▶

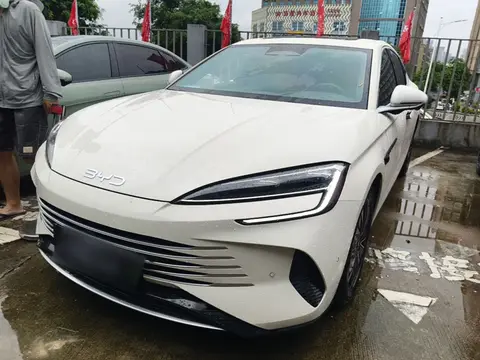 BYD Seal 07 2025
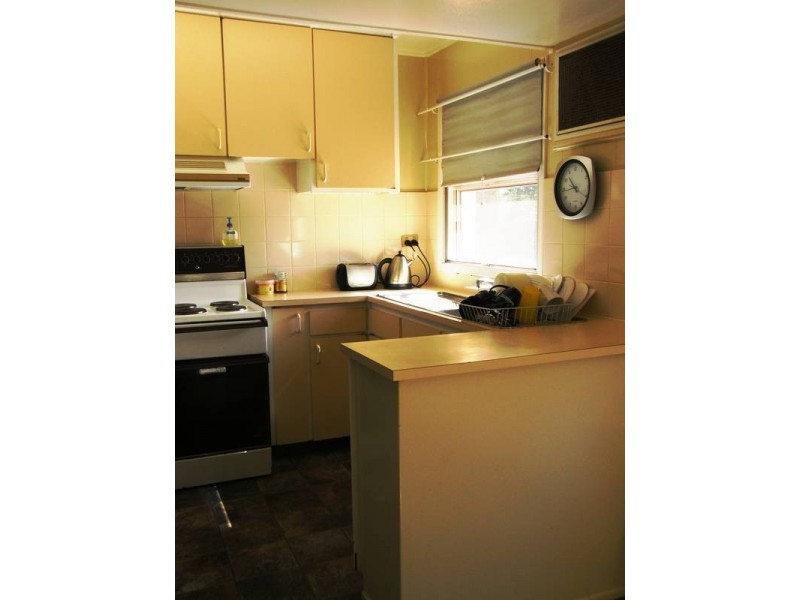 16 Mindarra Dr, Newman WA 6753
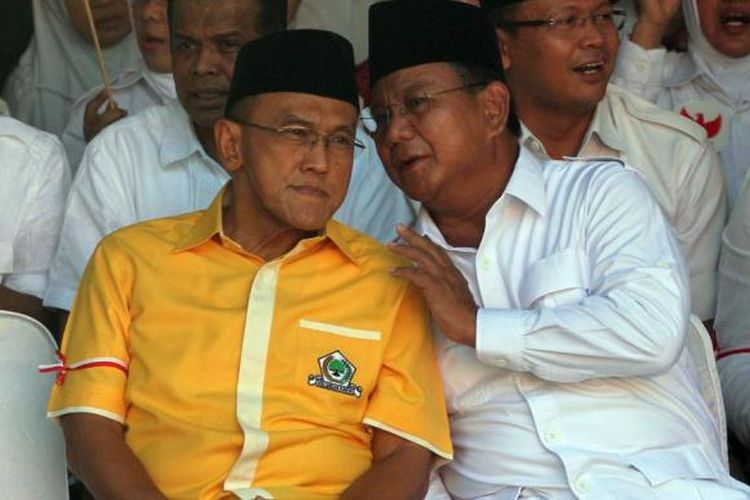 Ketua Umum Partai Gerindra Prabowo Subianto berbincang dengan Ketua Umum Golkar Aburizal Bakrie (kiri)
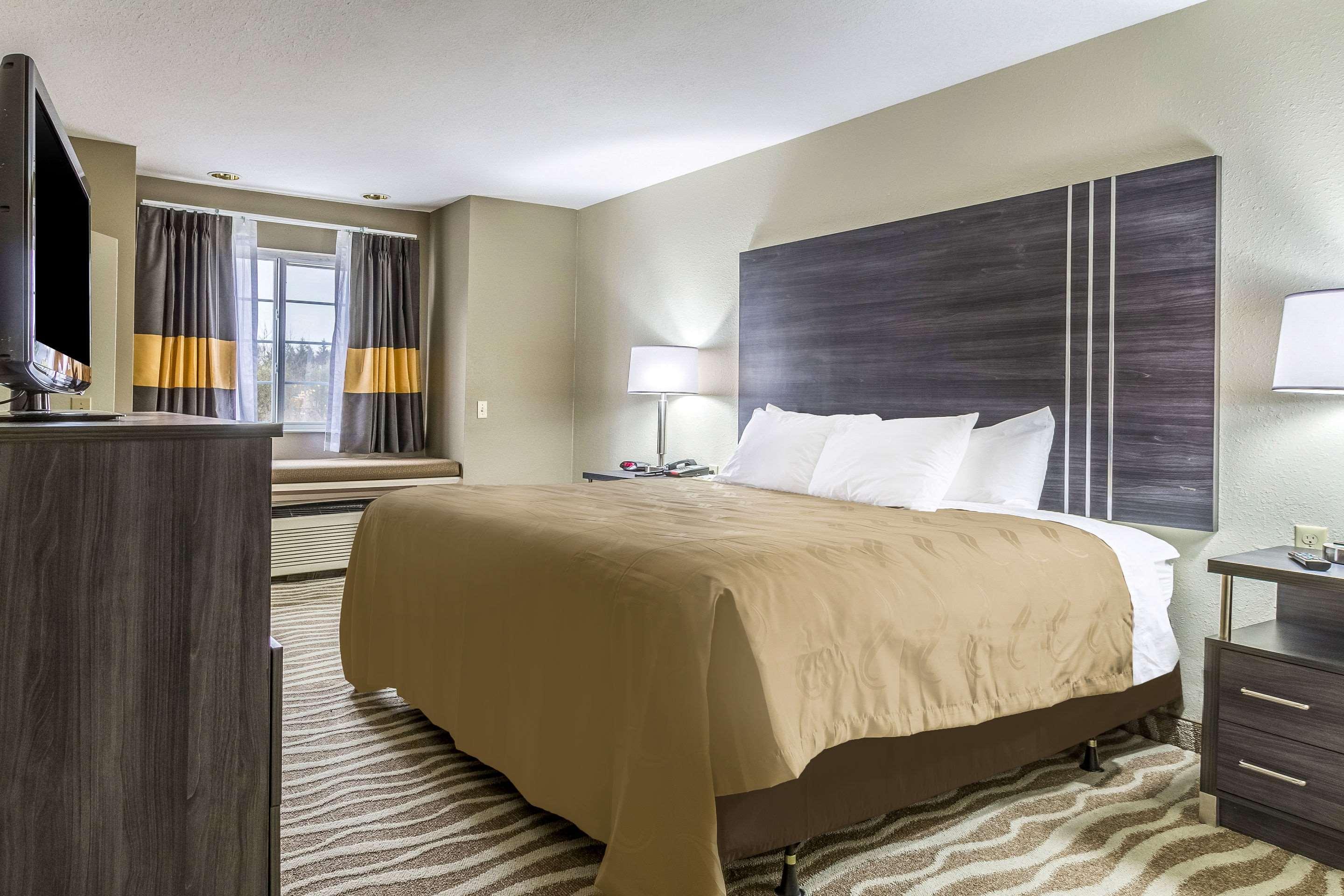 Quality Inn & Suites North Lima - Boardman Bagian luar foto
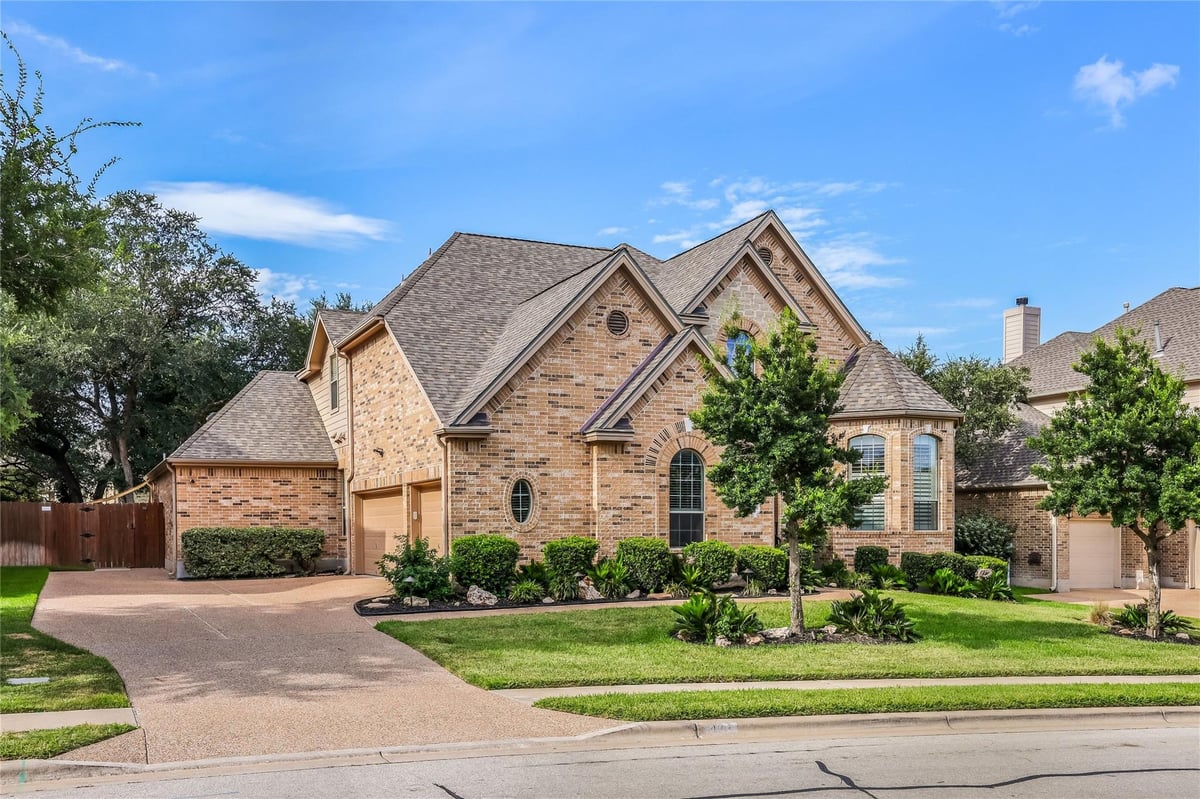 View 408 Ridgetop BND in Ranch At Brushy Creek Sec 2B Amd 408 Ridgetop BND - front exterior - Luxury home in Ranch At Brushy Creek Sec 2B Amd, Cedar Park, TX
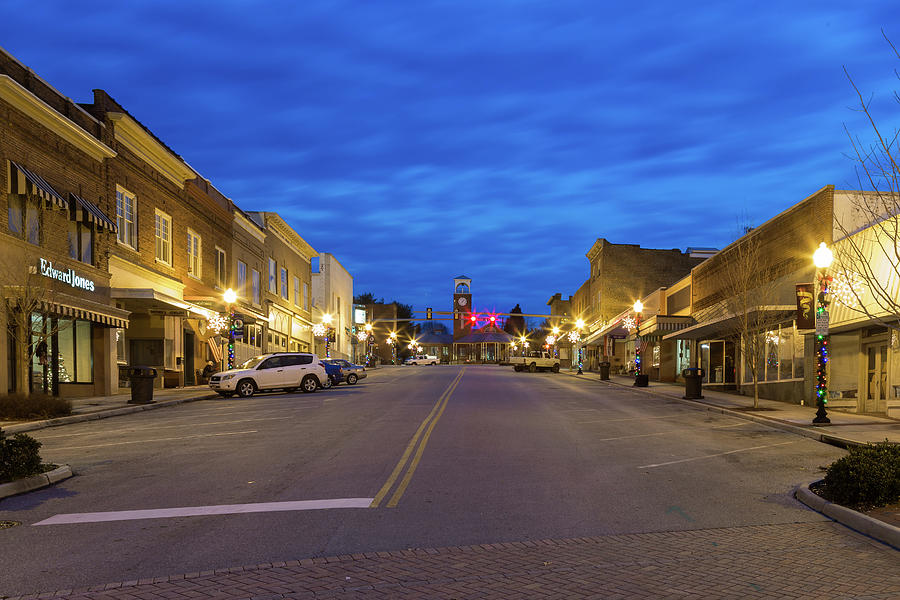 Broad Street Altavista Photograph by Tim Wilson | Fine Art America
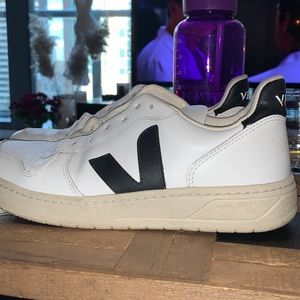 Unisex VEJA trainers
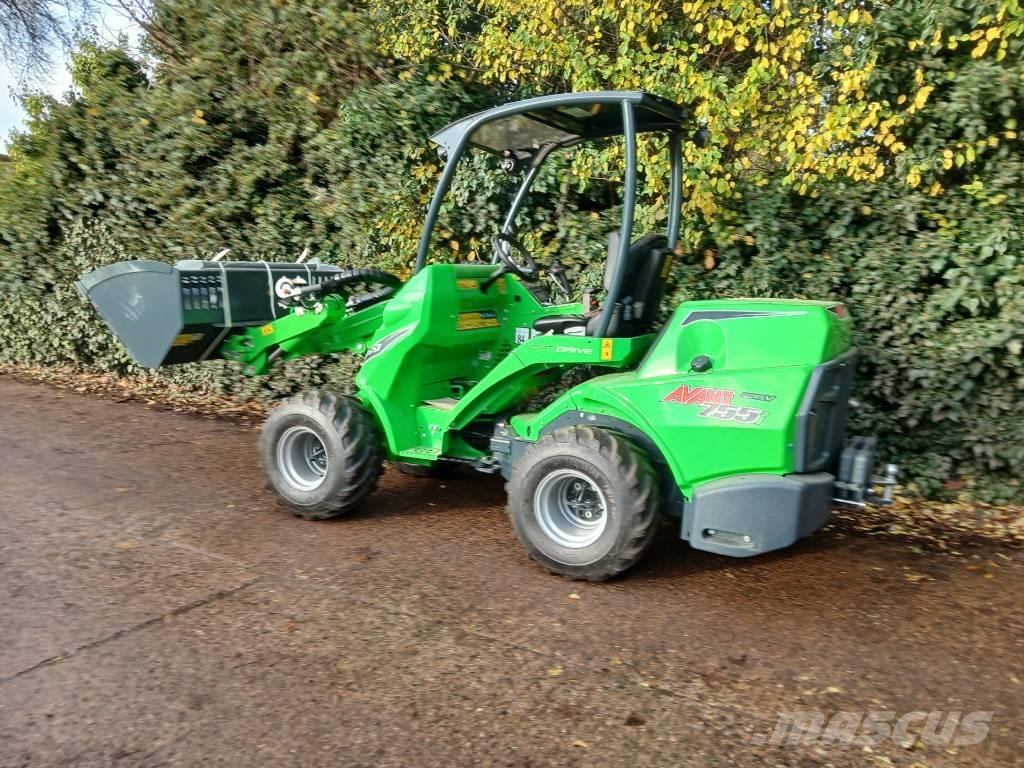 Ex Demo Avant 755i Minilader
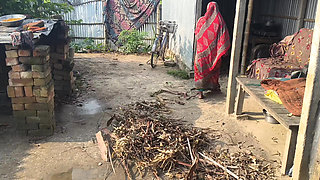 Pados ki bhabhi lakadi Sukha rahi thi jakar chudai ki outdoor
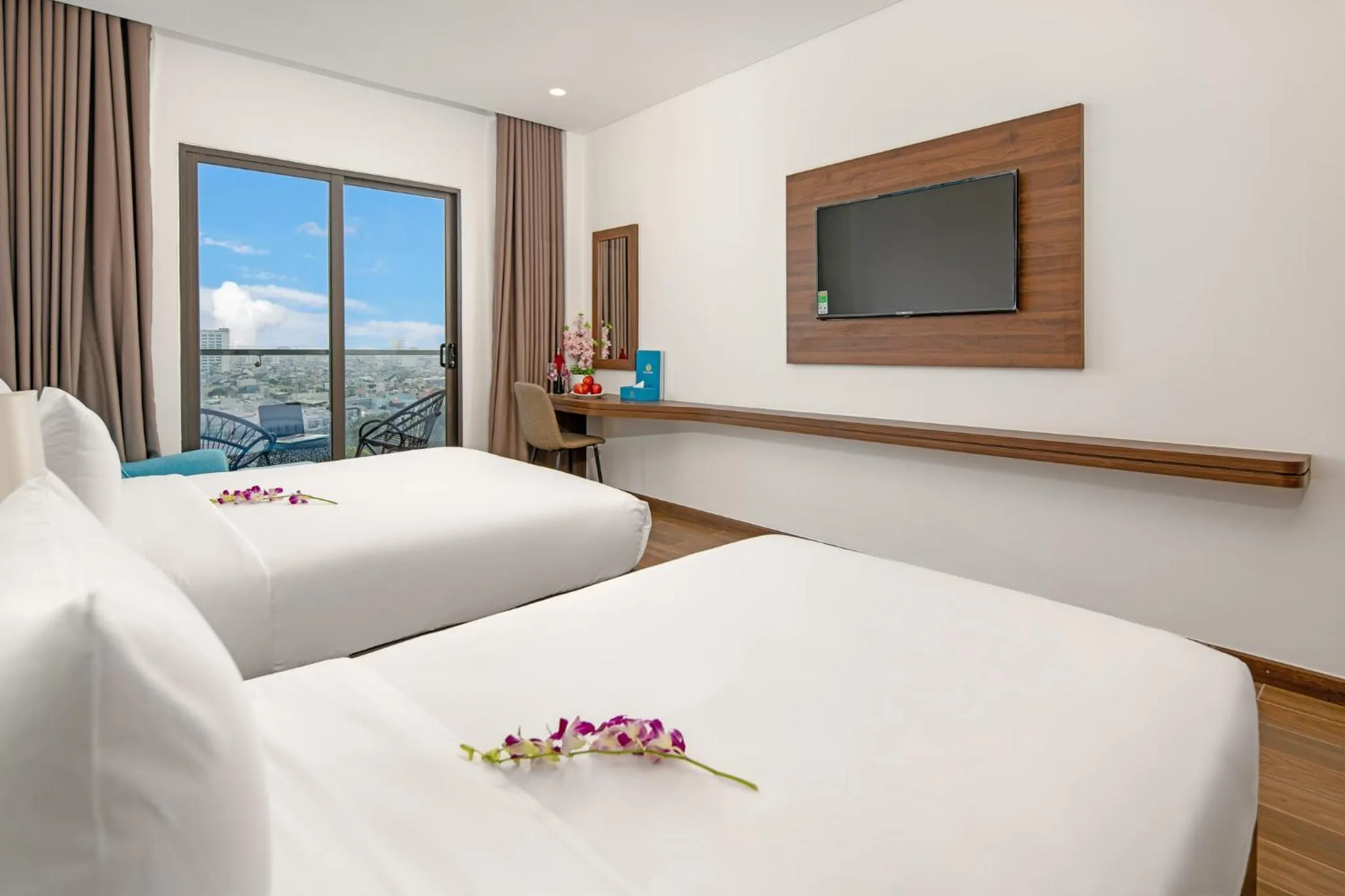 City view, Bed in Gold Plaza Hotel Da Nang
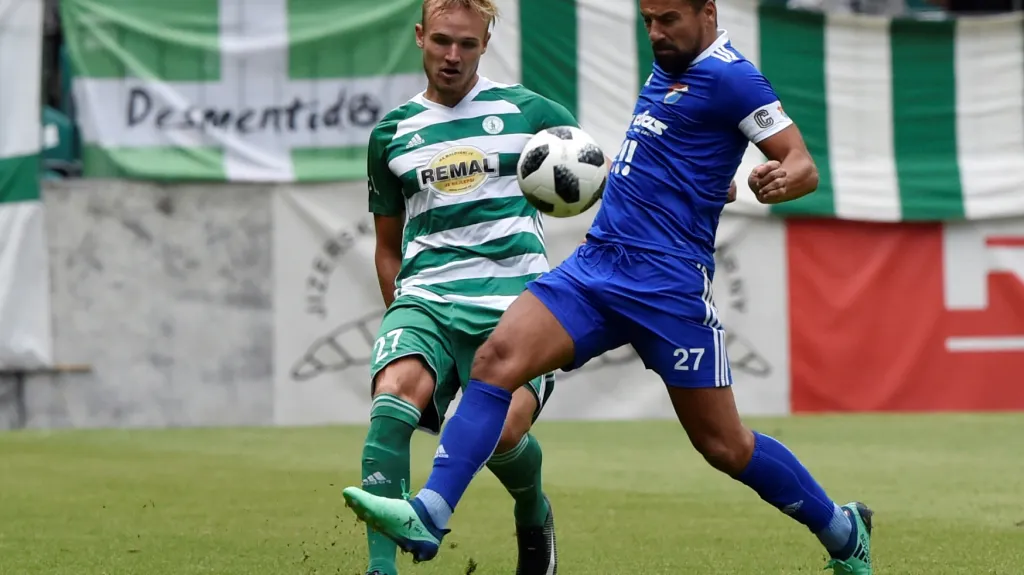 Milan Baroš z Baníku Ostrava si pokrývá míč před Jiřím Bederkou z Bohemians 1905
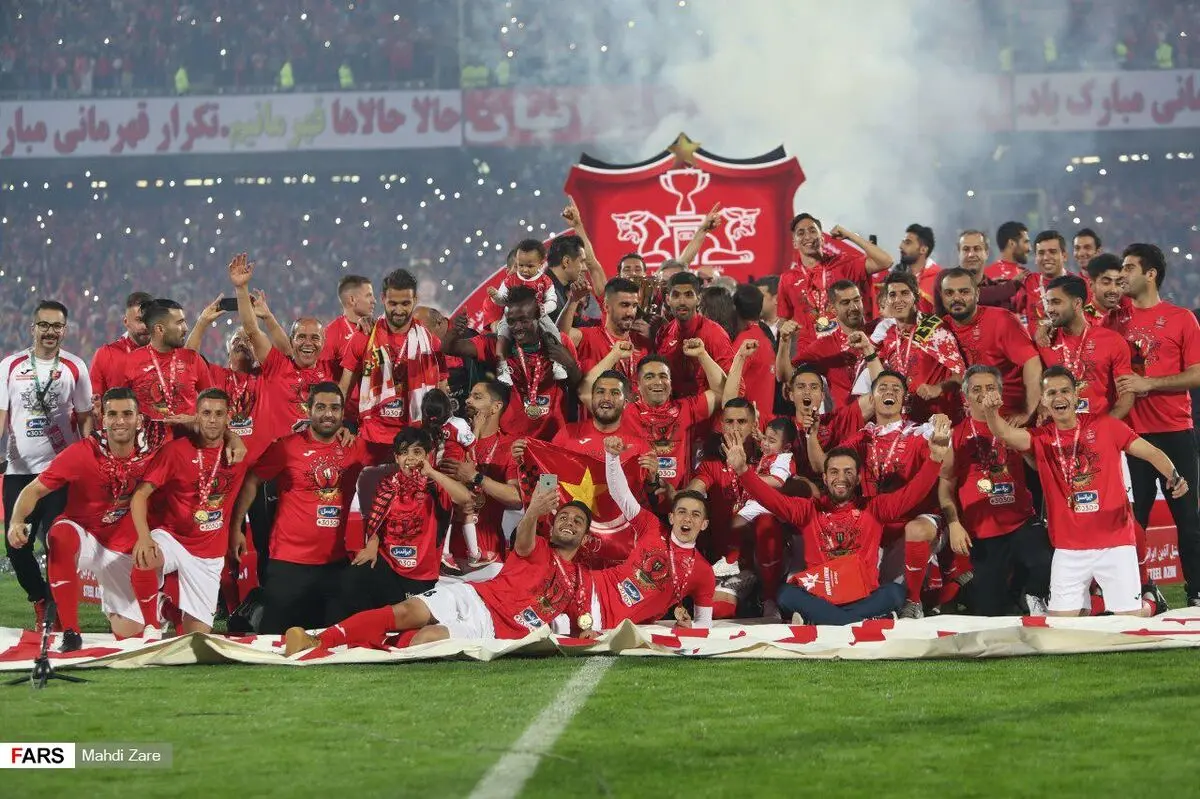 همه تیم ها موافق قهرمانی تیم پرسپولیسند به جز ...؟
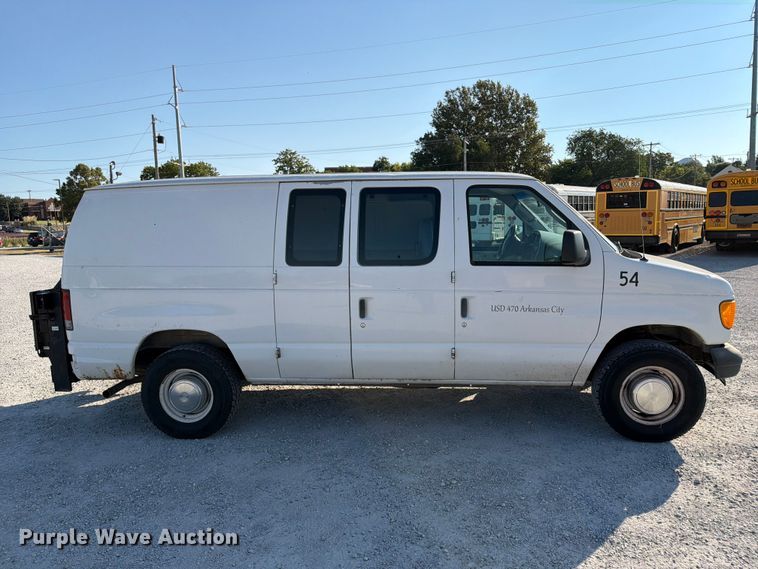 image for item EX4161 2004 Ford E250 van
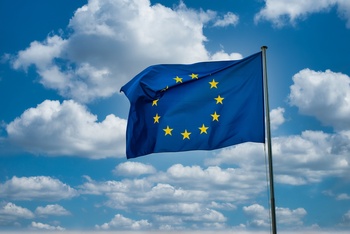 PEAG Transfer: Das Bild zeigt die Flagge der Europäischen Union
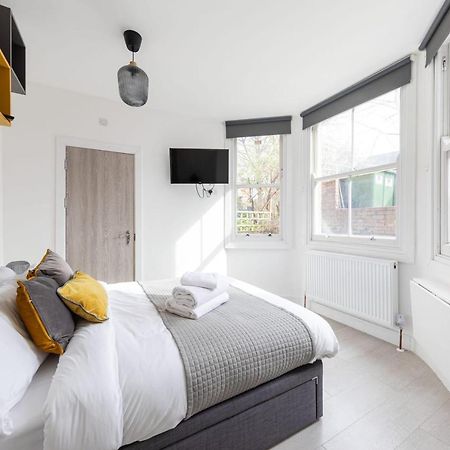 Lovely Private Room And Shower At Anson Hotel Londen Buitenkant foto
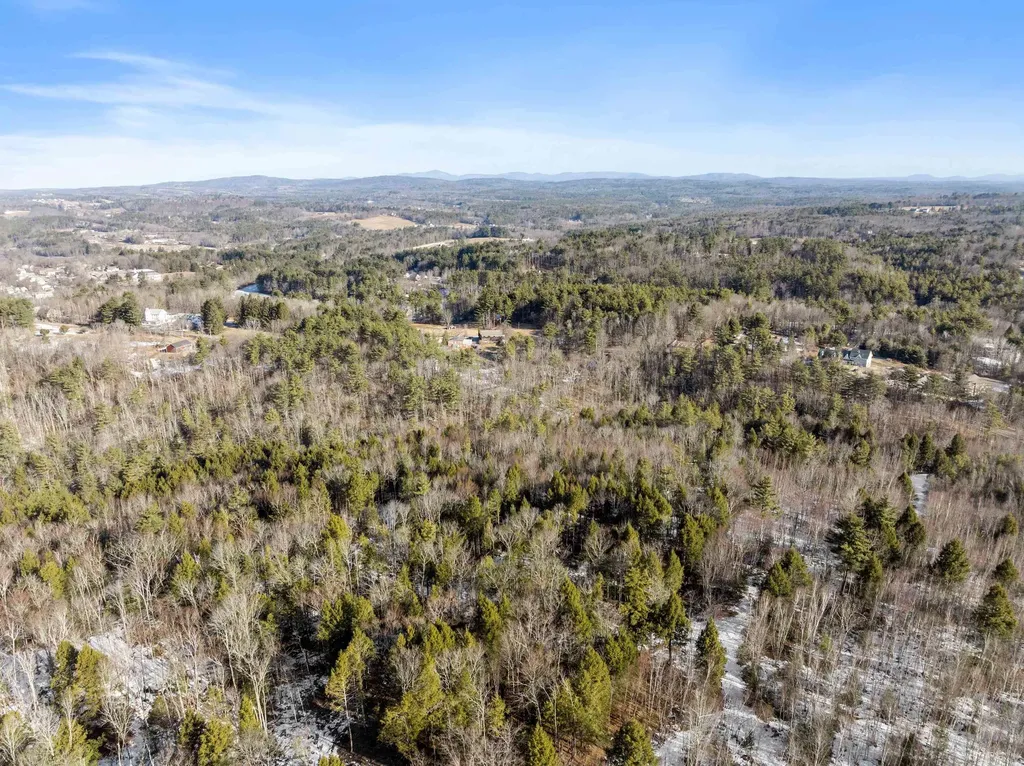 18 Catamount Road Pittsfield NH 03263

◀

• EXERCISE: Images are to be excluded, and each record above written out word for word.

• YOUR RESPONSE:
 BYD Seal 07 2025
 16 Mindarra Dr, Newman WA 6753
 Ketua Umum Partai Gerindra Prabowo Subianto berbincang dengan Ketua Umum Golkar Aburizal Bakrie (kiri)
 Quality Inn & Suites North Lima - Boardman Bagian luar foto
 View 408 Ridgetop BND in Ranch At Brushy Creek Sec 2B Amd 408 Ridgetop BND - front exterior - Luxury home in Ranch At Brushy Creek Sec 2B Amd, Cedar Park, TX
 Broad Street Altavista Photograph by Tim Wilson | Fine Art America
 Unisex VEJA trainers
 Ex Demo Avant 755i Minilader
 Pados ki bhabhi lakadi Sukha rahi thi jakar chudai ki outdoor
 City view, Bed in Gold Plaza Hotel Da Nang
 Milan Baroš z Baníku Ostrava si pokrývá míč před Jiřím Bederkou z Bohemians 1905
 همه تیم ها موافق قهرمانی تیم پرسپولیسند به جز ...؟
 image for item EX4161 2004 Ford E250 van
 PEAG Transfer: Das Bild zeigt die Flagge der Europäischen Union
 Lovely Private Room And Shower At Anson Hotel Londen Buitenkant foto
 18 Catamount Road Pittsfield NH 03263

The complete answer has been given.